§ What is needed: Check every line of the material for the word "Summer". Copy those that have it.
■ ■ ■ ■
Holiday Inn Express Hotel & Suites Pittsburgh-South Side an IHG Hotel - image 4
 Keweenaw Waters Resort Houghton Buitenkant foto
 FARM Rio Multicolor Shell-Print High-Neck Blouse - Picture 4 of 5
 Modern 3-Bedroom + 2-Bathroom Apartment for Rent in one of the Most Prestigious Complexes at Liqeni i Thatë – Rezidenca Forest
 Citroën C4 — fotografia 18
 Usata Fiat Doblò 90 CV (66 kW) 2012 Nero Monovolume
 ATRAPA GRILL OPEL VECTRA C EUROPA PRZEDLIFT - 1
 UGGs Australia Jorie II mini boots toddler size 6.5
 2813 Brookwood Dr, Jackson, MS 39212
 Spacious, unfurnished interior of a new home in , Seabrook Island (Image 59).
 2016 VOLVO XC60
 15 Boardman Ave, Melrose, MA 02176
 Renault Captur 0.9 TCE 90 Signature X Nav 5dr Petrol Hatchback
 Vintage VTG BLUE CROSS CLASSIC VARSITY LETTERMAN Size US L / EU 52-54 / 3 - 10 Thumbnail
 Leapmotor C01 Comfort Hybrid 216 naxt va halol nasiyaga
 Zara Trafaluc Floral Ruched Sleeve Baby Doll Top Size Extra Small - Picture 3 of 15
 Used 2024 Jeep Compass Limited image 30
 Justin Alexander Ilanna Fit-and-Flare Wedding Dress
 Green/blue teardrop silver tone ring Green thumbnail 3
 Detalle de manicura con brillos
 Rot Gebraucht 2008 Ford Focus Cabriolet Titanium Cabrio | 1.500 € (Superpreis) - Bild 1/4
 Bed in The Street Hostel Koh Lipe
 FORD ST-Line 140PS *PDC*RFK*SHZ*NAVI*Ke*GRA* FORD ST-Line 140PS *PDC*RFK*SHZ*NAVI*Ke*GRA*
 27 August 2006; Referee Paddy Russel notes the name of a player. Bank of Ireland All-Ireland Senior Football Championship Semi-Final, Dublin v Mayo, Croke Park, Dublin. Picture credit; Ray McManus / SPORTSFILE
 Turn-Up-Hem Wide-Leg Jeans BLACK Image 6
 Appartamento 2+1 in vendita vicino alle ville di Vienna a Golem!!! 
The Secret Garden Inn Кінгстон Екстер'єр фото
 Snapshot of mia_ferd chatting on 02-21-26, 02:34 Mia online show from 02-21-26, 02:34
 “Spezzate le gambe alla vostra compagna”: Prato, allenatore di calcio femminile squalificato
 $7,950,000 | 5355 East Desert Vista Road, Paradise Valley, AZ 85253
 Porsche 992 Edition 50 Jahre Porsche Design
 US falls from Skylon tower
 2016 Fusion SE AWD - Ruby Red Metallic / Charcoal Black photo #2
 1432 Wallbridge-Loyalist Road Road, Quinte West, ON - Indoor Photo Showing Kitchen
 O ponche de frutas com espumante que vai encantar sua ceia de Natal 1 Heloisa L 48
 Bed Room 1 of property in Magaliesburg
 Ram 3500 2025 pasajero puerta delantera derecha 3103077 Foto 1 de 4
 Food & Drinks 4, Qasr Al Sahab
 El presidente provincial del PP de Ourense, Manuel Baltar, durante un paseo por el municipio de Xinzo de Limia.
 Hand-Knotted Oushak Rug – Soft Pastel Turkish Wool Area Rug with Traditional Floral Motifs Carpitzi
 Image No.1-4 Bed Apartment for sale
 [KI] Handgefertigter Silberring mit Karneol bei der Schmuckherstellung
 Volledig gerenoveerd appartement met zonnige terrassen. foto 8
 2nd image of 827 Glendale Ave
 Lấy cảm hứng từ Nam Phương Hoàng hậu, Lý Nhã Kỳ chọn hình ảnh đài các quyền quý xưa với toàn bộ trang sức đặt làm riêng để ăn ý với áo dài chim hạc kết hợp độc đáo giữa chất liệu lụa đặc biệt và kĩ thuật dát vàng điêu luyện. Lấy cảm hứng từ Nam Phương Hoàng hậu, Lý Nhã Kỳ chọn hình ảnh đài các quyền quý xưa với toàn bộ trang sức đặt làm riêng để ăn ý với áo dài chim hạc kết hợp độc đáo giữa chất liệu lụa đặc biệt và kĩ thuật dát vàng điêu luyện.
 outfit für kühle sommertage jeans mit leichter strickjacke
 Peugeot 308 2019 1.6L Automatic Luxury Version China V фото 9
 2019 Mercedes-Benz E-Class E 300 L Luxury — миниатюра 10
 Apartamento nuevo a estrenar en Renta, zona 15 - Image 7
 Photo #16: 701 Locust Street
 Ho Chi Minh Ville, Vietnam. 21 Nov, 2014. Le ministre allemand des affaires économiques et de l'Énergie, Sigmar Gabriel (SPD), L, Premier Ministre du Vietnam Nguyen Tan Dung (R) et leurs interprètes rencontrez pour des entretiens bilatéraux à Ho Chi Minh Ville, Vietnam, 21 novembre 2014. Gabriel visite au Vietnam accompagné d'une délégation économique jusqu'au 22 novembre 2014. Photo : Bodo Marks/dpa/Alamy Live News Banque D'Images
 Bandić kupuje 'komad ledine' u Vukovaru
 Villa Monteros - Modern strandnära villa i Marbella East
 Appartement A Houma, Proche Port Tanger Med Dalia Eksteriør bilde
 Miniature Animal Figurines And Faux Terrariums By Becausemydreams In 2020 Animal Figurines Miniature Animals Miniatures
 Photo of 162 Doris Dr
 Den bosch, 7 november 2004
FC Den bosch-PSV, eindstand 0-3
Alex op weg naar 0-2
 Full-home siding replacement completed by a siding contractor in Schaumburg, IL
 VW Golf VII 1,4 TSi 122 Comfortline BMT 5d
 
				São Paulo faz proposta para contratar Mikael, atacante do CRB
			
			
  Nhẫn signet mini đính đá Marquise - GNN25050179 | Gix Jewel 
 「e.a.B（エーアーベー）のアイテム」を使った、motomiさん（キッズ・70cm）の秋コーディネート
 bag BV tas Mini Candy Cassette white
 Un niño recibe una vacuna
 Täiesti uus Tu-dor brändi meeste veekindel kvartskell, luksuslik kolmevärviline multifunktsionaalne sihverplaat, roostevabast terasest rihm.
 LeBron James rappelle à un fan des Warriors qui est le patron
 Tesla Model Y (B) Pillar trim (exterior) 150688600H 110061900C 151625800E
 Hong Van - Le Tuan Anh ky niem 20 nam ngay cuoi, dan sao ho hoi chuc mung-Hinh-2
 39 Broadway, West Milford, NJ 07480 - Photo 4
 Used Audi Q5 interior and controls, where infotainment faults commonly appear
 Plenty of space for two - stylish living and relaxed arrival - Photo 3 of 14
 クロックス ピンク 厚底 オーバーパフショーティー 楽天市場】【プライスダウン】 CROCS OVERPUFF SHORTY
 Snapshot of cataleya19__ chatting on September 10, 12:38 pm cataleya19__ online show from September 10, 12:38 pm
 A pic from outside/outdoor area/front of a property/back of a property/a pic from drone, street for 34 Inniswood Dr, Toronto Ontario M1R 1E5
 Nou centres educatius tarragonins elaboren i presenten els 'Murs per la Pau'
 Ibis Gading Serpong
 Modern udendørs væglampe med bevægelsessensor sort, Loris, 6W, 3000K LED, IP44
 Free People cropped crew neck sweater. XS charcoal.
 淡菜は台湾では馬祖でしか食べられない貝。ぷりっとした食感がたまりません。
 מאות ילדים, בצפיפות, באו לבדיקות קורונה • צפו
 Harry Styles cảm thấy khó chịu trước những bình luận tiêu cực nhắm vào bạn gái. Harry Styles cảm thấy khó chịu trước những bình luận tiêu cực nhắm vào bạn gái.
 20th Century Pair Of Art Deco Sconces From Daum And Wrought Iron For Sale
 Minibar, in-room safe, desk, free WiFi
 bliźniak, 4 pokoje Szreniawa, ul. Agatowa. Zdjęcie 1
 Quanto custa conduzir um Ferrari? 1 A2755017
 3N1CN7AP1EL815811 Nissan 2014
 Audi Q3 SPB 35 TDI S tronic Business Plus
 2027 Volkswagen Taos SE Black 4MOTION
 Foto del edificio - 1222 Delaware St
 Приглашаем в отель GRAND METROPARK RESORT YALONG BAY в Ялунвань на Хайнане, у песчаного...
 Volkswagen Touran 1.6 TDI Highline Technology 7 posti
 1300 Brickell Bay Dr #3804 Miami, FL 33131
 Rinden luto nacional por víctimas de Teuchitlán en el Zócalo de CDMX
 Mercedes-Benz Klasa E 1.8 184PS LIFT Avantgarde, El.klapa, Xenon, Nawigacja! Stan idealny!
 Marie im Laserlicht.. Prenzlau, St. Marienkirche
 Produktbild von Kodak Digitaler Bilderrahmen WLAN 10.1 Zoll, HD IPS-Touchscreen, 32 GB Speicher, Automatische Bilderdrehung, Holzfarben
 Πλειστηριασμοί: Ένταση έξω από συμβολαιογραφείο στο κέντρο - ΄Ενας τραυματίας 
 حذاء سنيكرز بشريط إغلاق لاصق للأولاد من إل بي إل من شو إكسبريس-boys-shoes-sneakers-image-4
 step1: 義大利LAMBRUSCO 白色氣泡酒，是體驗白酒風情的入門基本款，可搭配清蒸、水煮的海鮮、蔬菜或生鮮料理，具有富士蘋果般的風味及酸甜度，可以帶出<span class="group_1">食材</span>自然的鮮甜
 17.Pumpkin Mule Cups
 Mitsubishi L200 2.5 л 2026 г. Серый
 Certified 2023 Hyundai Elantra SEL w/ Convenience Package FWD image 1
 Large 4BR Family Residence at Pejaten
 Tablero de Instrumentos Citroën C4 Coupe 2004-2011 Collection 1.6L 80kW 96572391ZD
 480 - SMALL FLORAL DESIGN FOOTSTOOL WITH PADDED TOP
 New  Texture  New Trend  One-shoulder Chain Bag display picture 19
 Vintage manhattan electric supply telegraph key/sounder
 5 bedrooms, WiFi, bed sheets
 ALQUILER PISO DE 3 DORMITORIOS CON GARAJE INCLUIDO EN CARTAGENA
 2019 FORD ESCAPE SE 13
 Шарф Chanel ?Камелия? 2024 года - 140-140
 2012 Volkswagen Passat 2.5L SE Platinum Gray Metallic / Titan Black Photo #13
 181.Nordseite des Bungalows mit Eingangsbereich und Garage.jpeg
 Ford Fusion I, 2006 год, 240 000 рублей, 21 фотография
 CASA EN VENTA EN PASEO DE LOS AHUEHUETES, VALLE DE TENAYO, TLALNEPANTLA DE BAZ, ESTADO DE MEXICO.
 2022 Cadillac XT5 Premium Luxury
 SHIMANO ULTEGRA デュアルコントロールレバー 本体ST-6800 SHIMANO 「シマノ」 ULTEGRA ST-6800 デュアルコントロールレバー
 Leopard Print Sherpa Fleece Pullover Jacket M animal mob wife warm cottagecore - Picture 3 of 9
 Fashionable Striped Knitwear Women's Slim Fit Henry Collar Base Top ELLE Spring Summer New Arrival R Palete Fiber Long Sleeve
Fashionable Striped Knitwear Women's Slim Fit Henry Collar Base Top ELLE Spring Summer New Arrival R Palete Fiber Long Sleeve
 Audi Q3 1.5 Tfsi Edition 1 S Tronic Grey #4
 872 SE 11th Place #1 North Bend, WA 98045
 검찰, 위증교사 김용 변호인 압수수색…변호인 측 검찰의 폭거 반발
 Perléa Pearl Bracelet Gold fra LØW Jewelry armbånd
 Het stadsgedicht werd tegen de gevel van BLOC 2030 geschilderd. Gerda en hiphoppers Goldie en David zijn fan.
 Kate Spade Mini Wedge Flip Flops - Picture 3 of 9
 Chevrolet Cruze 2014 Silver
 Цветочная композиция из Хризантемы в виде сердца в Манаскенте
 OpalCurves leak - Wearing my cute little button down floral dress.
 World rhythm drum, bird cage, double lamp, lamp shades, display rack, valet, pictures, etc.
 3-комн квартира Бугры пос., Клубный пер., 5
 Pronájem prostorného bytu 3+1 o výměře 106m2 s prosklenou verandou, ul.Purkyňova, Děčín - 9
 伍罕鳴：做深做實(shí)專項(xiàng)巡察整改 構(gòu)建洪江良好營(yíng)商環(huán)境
■ ■ ■ ■
§ Output for this task:
 Fashionable Striped Knitwear Women's Slim Fit Henry Collar Base Top ELLE Spring Summer New Arrival R Palete Fiber Long Sleeve
Fashionable Striped Knitwear Women's Slim Fit Henry Collar Base Top ELLE Spring Summer New Arrival R Palete Fiber Long Sleeve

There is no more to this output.